Hello CF community, I'm trying to solve this problem 810B - Summer sell-off, and here's my submission 216849580, Although the code gives AC for the first $$$15$$$ test, it gives a WA on the $$$16$$$-th test, I'm not able to identify the issue, any ideas?. I don't want another solution, I just want to know what's wrong in my solution.

Fixed your code!

You just need to maximize the profit that you can achieve after doubling the amount. No need to check for other conditions. So you can simply find the difference between the sale on ith day if you double and if you don't. Then sort the values in non increasing order and take the doubled values for the first f and the actual values for the rest.

Here is the link for the code : this

Also, I think the problem with your code is that you are not checking for f maximum profits, but for f maximum values (both are different). Hence you are getting a WA verdict.

Hope it helps!

Thank you!

$$$1$$$. I assumed that if a pair has products more than customers, there's no need to double.

$$$2$$$. then I added the products I that could be sold (doubled and took the $$$min$$$).

$$$3$$$. then I sorted these values for the $$$max$$$ to be first.
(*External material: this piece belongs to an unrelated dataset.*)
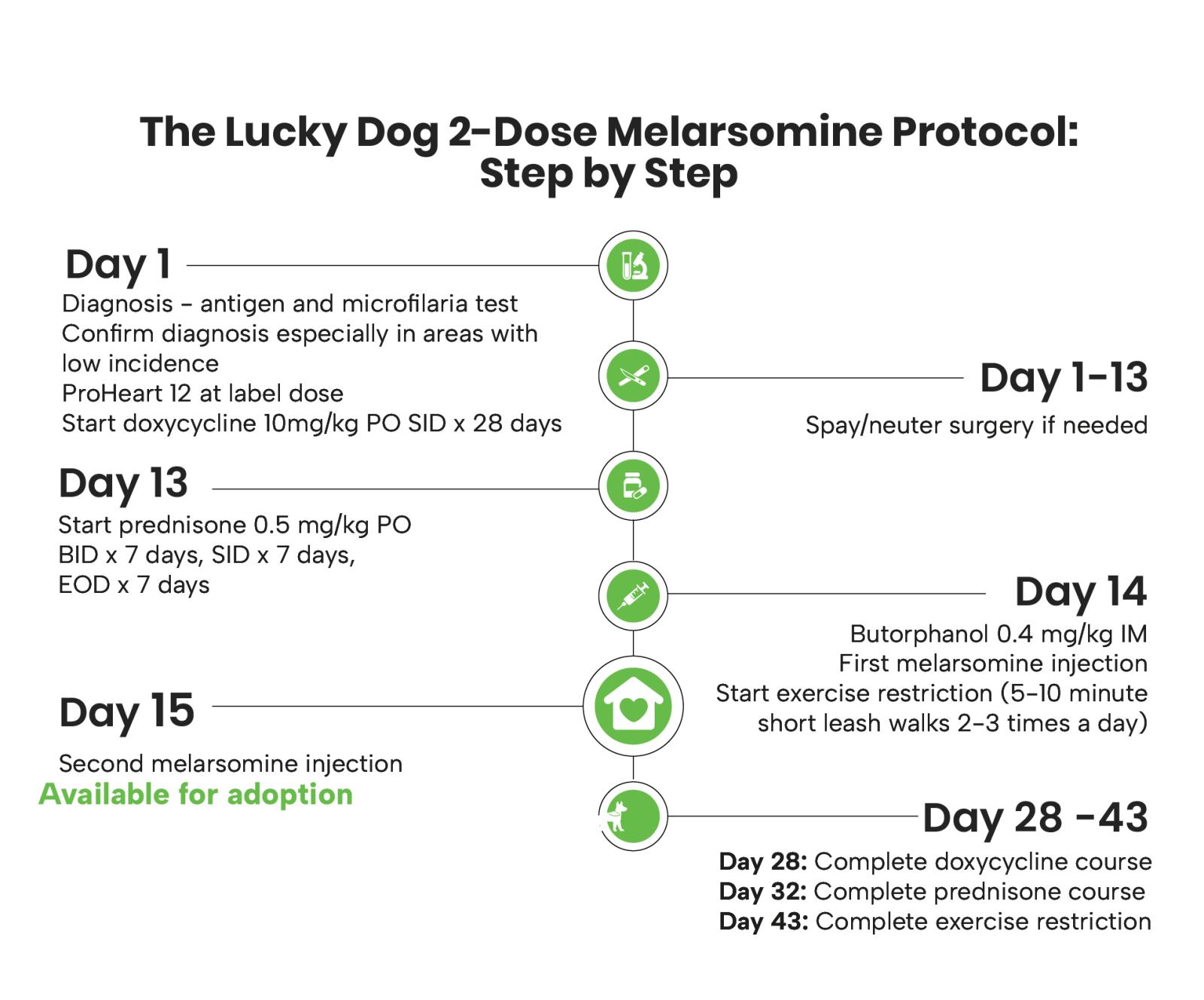 heartworm treament timeline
$$$4$$$. iterate over the vector and took the first K (which are $$$max$$$).

$$$5$$$. for the rest element of the vector I took the the $$$min$$$ because I cannot double anymore.

Would you please specify in any point I'm wrong?, and would you please give me a test case with small input that demonstrate the mistake in my code, because I'm still thinking if this problem appeared while I'm in contest, this would be the very first way I think of. I tried to implement the solution exactly as the problem says. Another time thanks for helping

The first assumption is correct because doubling in the first case gives no profit.

The second point is also correct.

The problem comes in the third step :

Take this test case for example :

2 1

4 9

6 9

your code will give output 13 but the answer is 17 (check for yourself). The wrong answer is because you are checking for max value. Instead of this check for max profit you can receive -> for 4 it is 4 and for 6 is 3. So you will double 4 instead of 6, even if the latter gives more value when doubled (9 compared to 8).

I hope this clears your doubt.

For the first pair, there's no need to double. for the second you can double $$$4$$$ and get $$$min(2\cdot 4, 9) = 8$$$, for the last $$$min(2\cdot 6, 9) = 9$$$, giving total of $$$1+8+9=18$$$. (this for $$$k=3$$$).

I've tried this test on both of our codes, for $$$k = 3, 2$$$ it gives the same result, but for $$$k = 1$$$ yours gives $$$15$$$, mine gives $$$14$$$. I may be stupid, but why are subtracting the

`min(f, s)`

from`min(2*f, s)`

?, wouldn't the answer be just`min(2*f, s)`

as we doubled already?Firstly in the above test case 2 1 represents n and f respectively

I am subtracting min(f, s) to calculate the profit. It represents the difference between the cases when I am doubling on that day on compared to when I am not doubling it.

That's why while adding to the answer I am again adding min(f, s). If we just keep v.first as min(2*f, s), it means we are sorting the days based on maximum value and not on maximum profit. That is the main cause of the wrong final answer. By keeping the v.first as min(2*f, s) — min(f, s), I am sorting the days based on highest profit.

Oooh!, I see, what I'm missing is that how to calculate the profit, I've just calculated the number of products that could be sold.

Thank you so much!

Glad you understood!

I was just practicing this problem and was so stuck, but your comments really helped AnikateKoul :)